## Assignment
Copy out the entries below exactly as they stand, but only from the line containing "lot: 26 Block 1, Yantis, TX 75497" through the line containing "1027573_1l6ZnTtBOoHLkg".
········
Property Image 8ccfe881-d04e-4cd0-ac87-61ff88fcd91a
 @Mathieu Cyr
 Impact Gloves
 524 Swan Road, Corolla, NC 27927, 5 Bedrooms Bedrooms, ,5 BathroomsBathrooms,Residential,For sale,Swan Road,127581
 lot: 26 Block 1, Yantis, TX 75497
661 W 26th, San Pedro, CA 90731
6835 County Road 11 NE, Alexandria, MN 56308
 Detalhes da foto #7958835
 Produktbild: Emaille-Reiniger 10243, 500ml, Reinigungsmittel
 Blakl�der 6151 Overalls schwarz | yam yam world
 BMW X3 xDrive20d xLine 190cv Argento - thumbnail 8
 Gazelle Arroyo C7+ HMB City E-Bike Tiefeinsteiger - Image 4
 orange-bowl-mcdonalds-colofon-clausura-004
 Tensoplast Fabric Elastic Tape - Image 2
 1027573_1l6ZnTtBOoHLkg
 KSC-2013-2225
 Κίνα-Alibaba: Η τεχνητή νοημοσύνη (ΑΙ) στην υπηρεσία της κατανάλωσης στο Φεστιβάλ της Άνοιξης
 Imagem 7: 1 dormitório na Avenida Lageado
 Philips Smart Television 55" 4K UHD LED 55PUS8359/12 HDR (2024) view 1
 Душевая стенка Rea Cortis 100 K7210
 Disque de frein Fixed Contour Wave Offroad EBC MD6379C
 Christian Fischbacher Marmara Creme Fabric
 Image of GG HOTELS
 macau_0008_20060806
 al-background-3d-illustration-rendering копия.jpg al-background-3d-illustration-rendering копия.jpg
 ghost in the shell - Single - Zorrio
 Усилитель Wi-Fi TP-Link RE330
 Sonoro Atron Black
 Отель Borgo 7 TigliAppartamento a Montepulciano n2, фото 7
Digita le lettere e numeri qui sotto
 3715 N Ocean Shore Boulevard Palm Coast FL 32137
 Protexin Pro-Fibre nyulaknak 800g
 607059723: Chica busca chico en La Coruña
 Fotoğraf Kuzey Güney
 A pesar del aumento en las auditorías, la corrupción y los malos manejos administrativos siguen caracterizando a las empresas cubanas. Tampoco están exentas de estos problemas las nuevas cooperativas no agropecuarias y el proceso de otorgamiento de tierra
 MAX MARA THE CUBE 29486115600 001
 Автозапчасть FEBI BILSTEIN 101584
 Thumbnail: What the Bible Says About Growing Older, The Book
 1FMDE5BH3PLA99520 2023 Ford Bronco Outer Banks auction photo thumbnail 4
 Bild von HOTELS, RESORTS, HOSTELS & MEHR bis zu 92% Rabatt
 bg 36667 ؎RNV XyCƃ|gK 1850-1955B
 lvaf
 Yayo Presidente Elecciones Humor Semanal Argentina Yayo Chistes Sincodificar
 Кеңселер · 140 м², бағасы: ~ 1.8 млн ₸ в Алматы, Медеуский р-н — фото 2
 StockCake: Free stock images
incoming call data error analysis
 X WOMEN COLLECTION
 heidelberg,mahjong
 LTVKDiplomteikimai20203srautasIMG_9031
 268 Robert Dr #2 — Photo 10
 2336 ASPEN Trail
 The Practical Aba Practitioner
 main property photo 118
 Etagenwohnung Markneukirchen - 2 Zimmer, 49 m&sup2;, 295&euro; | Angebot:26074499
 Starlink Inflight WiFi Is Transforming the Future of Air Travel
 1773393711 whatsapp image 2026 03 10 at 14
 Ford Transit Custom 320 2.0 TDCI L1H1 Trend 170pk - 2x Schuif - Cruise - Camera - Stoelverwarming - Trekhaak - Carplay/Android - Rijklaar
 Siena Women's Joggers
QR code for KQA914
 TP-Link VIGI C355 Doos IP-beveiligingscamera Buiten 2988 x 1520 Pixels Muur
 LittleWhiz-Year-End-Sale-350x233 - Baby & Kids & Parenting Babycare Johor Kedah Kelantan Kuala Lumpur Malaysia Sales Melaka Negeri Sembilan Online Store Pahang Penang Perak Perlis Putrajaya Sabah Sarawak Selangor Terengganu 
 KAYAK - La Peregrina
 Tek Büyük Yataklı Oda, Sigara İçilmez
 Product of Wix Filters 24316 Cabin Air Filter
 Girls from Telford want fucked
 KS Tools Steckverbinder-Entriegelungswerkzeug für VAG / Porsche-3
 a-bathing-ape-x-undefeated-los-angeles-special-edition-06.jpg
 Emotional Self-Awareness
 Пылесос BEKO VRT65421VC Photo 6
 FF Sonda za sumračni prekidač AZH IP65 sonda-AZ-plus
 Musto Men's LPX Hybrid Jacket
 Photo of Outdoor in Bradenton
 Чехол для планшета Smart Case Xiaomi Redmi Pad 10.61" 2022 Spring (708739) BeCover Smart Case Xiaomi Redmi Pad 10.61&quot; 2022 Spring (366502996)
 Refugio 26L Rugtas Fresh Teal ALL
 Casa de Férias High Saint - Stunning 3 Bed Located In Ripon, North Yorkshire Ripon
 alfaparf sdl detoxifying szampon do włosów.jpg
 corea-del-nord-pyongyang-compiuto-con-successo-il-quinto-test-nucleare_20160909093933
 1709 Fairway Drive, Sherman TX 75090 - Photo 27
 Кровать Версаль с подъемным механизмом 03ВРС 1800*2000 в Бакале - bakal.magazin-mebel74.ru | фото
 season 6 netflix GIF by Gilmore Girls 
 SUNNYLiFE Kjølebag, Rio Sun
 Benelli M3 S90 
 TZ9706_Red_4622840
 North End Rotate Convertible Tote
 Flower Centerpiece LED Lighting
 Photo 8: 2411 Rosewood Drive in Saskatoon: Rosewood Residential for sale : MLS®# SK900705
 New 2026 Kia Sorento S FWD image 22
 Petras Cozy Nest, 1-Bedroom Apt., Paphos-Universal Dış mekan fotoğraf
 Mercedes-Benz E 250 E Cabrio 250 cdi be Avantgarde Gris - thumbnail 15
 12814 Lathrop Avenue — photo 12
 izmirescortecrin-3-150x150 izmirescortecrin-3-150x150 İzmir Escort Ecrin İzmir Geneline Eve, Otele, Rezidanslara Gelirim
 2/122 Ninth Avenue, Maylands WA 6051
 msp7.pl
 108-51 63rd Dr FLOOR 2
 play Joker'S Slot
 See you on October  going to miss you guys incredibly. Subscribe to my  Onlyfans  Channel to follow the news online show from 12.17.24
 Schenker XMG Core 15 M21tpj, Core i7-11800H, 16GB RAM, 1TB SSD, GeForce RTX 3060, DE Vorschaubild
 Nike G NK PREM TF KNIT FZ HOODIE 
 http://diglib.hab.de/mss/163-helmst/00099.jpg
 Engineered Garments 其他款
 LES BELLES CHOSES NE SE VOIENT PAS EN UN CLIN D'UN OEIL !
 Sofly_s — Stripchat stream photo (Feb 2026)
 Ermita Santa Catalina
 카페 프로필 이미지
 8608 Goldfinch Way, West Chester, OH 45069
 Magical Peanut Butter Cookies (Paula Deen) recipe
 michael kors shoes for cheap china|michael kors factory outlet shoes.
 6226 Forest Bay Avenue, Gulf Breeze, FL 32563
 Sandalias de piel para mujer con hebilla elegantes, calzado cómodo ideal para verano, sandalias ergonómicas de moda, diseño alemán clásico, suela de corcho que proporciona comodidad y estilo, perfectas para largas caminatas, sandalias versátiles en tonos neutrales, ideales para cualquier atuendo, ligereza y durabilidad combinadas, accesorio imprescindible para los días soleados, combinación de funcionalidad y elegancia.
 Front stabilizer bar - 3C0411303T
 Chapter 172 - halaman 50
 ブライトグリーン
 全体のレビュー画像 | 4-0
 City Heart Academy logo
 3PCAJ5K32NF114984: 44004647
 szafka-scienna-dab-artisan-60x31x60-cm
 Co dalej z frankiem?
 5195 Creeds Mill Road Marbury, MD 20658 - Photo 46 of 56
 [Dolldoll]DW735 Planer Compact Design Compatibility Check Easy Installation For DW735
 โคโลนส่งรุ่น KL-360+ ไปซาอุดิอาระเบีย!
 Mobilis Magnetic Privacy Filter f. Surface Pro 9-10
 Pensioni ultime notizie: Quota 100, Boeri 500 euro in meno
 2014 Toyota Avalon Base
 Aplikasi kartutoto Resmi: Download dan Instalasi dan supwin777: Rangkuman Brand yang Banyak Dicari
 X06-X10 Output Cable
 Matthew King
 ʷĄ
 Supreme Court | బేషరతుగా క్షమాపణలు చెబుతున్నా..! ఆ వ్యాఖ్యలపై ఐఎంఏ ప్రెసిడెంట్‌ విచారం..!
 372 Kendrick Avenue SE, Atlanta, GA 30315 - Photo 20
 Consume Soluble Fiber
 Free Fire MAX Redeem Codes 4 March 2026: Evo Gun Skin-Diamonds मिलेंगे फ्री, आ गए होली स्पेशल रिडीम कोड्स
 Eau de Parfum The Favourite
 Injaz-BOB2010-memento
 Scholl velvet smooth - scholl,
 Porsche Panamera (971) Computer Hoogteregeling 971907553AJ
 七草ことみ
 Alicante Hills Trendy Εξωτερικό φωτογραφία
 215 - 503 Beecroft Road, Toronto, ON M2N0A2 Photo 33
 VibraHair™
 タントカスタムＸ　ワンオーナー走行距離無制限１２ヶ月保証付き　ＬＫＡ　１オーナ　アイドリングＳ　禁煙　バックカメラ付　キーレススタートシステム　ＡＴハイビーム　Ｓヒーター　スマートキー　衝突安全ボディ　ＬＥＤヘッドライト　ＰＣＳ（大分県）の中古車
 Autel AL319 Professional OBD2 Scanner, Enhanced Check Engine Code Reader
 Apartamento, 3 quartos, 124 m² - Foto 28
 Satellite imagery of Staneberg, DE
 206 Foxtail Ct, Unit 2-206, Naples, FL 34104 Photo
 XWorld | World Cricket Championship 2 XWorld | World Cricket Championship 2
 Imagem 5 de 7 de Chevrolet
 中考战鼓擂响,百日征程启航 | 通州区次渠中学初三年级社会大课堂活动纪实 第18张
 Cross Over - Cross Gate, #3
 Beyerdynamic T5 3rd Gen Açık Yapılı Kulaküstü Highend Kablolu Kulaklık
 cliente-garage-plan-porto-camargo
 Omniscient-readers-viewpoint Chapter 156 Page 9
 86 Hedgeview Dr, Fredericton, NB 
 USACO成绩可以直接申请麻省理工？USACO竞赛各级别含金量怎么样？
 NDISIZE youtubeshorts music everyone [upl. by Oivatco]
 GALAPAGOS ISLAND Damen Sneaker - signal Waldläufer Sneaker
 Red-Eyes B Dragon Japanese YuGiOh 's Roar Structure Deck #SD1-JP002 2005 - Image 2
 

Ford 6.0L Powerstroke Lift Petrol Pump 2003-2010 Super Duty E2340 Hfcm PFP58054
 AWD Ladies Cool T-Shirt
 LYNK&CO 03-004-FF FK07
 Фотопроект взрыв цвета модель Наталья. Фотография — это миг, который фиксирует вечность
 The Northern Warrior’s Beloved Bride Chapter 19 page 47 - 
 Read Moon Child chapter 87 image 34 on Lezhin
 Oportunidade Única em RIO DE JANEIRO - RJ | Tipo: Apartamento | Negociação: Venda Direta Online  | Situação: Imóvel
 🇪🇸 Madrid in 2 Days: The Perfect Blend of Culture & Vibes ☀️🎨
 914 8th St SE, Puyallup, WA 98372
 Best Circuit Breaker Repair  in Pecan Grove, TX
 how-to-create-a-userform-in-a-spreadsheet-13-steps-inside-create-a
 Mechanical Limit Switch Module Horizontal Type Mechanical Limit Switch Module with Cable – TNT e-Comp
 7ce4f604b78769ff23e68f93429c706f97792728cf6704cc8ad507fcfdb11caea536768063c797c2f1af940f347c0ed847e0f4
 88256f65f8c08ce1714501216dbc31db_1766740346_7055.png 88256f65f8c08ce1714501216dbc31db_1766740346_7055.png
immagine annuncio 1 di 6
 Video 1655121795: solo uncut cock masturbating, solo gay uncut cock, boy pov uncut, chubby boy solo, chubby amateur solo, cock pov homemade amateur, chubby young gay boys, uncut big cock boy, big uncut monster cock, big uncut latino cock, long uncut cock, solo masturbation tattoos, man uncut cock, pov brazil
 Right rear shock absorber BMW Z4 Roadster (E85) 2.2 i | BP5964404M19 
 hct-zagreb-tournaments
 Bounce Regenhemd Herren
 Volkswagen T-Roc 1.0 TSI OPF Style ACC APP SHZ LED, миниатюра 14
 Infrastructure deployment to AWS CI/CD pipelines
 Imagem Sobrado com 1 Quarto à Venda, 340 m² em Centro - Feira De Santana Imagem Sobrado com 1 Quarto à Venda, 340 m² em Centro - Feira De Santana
········
## Task answer
 lot: 26 Block 1, Yantis, TX 75497
661 W 26th, San Pedro, CA 90731
6835 County Road 11 NE, Alexandria, MN 56308
 Detalhes da foto #7958835
 Produktbild: Emaille-Reiniger 10243, 500ml, Reinigungsmittel
 Blakl�der 6151 Overalls schwarz | yam yam world
 BMW X3 xDrive20d xLine 190cv Argento - thumbnail 8
 Gazelle Arroyo C7+ HMB City E-Bike Tiefeinsteiger - Image 4
 orange-bowl-mcdonalds-colofon-clausura-004
 Tensoplast Fabric Elastic Tape - Image 2
 1027573_1l6ZnTtBOoHLkg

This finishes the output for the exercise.